- Born: 1904 Madrid, Spain
- Died: 12 December 1988 (aged 83–84) Tolosa, Occitania, France
- Allegiance: Spanish Republic
- Service: Confederal militias (1936–1937); Spanish Republican Army (1937–1939);
- Service years: 1936–1939
- Rank: Commissar
- Unit: Rosal Column; 30th Mixed Brigade; 80th Mixed Brigade; 140th Mixed Brigade;
- Conflicts: Spanish Civil War Battle of the Ebro;

= Ángel Marcos Salas =

Spanish trade unionist

Ángel Marcos Salas (1904–1988) was a Spanish mechanic, trade unionist and militiaman who fought in the Spanish Civil War.

==Biography==
Ángel Marcos Salas was born into a working class family in Madrid, in 1904. At the age of 19, he went to work at the Madrid, Zaragoza and Alicante railway. Soon after, he became member of the railworkers' union of the National Confederation of Labour (CNT).

In July 1936, after the outbreak of the Spanish Civil War, he was appointed a member of the Confederal Committee at the Madrid Atocha railway station. He later joined the Rosal Column, and went on to command a centuria within it. After the militarisation of the confederal militias, he joined the political commissariat of the Spanish Republican Army. He came to serve as commissar of the 30th, 80th and 140th Mixed Brigades, within which he fought in the Battle of the Ebro.

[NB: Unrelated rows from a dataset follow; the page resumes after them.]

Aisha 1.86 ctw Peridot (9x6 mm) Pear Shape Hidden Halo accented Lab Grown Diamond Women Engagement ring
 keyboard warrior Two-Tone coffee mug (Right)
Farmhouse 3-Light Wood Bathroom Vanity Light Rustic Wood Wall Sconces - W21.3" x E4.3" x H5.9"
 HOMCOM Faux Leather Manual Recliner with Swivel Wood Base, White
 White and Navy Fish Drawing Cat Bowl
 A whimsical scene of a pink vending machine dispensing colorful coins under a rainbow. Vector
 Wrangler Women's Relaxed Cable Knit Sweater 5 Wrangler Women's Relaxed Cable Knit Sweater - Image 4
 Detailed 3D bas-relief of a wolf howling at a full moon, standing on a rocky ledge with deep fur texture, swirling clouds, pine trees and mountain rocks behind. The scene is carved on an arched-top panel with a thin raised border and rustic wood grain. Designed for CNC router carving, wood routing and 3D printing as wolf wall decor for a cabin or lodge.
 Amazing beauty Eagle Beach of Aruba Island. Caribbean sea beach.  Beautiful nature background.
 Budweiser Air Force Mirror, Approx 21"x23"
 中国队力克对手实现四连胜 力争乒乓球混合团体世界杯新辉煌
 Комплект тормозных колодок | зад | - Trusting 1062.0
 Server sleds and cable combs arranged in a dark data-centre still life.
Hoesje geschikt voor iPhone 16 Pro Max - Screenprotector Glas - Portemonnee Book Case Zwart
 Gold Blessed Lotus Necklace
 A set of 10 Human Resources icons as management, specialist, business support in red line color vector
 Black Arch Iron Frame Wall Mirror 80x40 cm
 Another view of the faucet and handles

After the end of the war he went into exile in France, where he was interned in a concentration camp. In 1941, he went to work as a mechanic at an aircraft plant in Tolosa. He worked there for 25 years, before retiring in 1966. He remained active within the exiled Spanish anarchist movement, as a member of the CNT's National Federation of the Railway Industry (FNIF). He sided with the CNT's reformist faction when it split and was a delegate to its subcomittee in London. He also acted on the council of the Ateno Libertario in Toulouse. After the reunification of the CNT, in 1969, he was expelled from the organisation.

Marcos Salas died in Tolosa on 12 December 1988.